第3話
丈が明人の元に来てから三日。部屋で二人は素麵を食べている。
「猫の友達が出来た?」
「違う。舎弟だ」
丈は近所を散歩し、細かい傷を作って帰って来た。どうやらケンカして来て、勝ったようだ。猫になったから猫語も分かるようになったらしい。
「ところで、俺ってば猫になっちゃったわけじゃん」
丈は猫の口で器用にちゅるちゅると素麵をすすっている。
「そうだな。猫だな」
明人も大量に作った素麵を胃に流した。暑い夏はやはりこれに限る。
「元に戻るつもりだけど、いつ戻れるかは分からない。だから、修行したいんだよね」
「修行?」
「お笑い芸人の」
あぁと明人は納得する。丈の夢はお笑い芸人だ。十八歳というと、もうお笑い専門学校に入っていて、修練を積んでいてもおかしくない。案外、変身する前はそうしていたのかも。
「でも、猫になったからなぁ」
明人はうーんと唸って腕を組む。漫才もコントも出来ない。猫でも出来る芸って何だろう。
「そうだ!」
丈がすくっと二本足で立ち上がる。意外と背が高く、座っている明人の肩の辺りに頭がきていた。
「Twitterで猫垢を作ろう!」
「猫垢?」
「そうだ。そこでネタを考えて披露するんだ。猫である今でしかできないことだぞ! 俺天才! さっそく、アカウントを作ってくれ明人」
「まあ、それぐらいなら」
明人はTwitterをしていなかったが、丈が考えたネタをノートに書いたりするよりも楽だろうと、スマホを手にする。
「アカウント名はジョーかな?」
「いや、そこはライバルたちとフェアに行かないといけない。アキヒト、お前の名前で作ってくれ」
「いいけど」
ライバルたちとは? 他の猫垢のことだろうか。
「アイコンはやっぱり丈の写真だよな」
明人は丈にスマホのカメラを向ける。丈はスッと座って、目を細めた。
「立っていた方がインパクトあるんじゃないか?」
「アイコンだからな。画像は小さいし、顔しか入らないだろ」
それもそうかと、明人はシャッターボタンを押す。中々良い感じだ。それをアイコンに設定する。簡単な紹介文も書いて、物の数分で体裁は整った。
「じゃあ、最初のツイートをしようか。丈がネタを考えるんだよな」
「いや、ネタより先に簡単に名乗ろう。漫才でも最初、コンビ名を言うだろ。あれだ」
「じゃあ、普通の写真を撮って……」
明人はアキヒトとして、簡単なツイートをする。
アキヒト『猫を飼い始めました。名前はジョーです』
ものすごく普通だ。この猫が実は人間が変身した猫だとは誰も思わないだろう。
「じゃあ、次はネタを」
「いや、敵情視察をしないとな。他の猫垢を見てみよう」
結局、この日はツイートすることなく、他のアカウントを見て回ることに費やした。
そして、三日後――。
「どうしてバズらないんだ!」
丈はこの日も明人からスマホを取り上げて、Twitterを見ていた。最初は上手く操作できなかったものの、いまでは器用に肉球を使ってフリックしている。さすがに写真は明人が撮るものの、文章は丈が考えてツイートしている。
「渾身の変顔まで反応ほぼ無し!」
無いというわけではないが、いいねは二桁に留まっている。白目を剥いた顔は可愛いというより不気味だった。
「くぅ。こいつらは毎回バズっているのに……、芸能人の猫っていうだけでズルいぞ!」
人の猫垢を覗いては文句を垂れている。バズっているのは芸能人の猫ばかりではないが、丈にはそう見えるのだろう。
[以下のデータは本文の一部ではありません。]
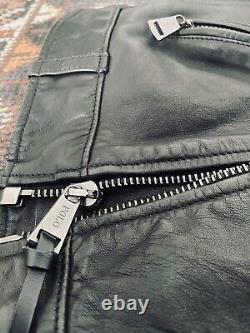 Polo Ralph Lauren Leather Moto Jacket Size S Retail $698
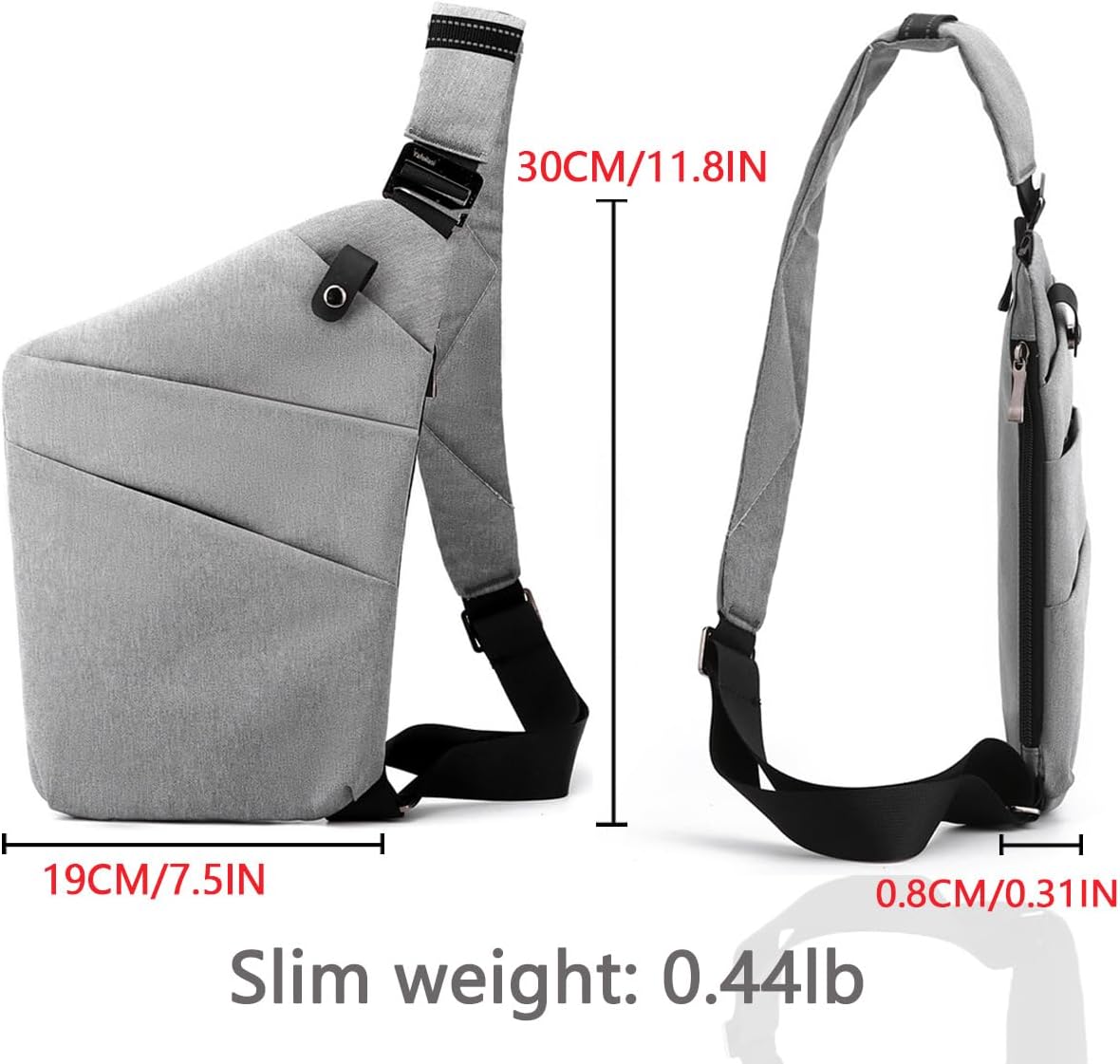 Anti Theft Sling Travel Bag Flat Small Pickpocket Proof Slim Crossbody bags | Travel Pack Cross-body Bag One Shoulder Bag Anti Pickpocket Chest Pouch Passport Bag Secure Purses for Men Women lightweight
「やっぱり、こういうのは続けないといけないんじゃないかな」
明人はスマホを覗き込みながら言う。
「でも、面白ければフォロワー二桁とかでも、バズるはずなんだ。やっぱり、文章を凝り過ぎず、あっさりしすぎず、その目線があったかと感心するような……」
ブツブツと丈はスマホを眺めながら考え込む。そんな様子を見て、でもバズっても猫なんだよなと明人は思うが本人は熱中しているので、そっとしておいた。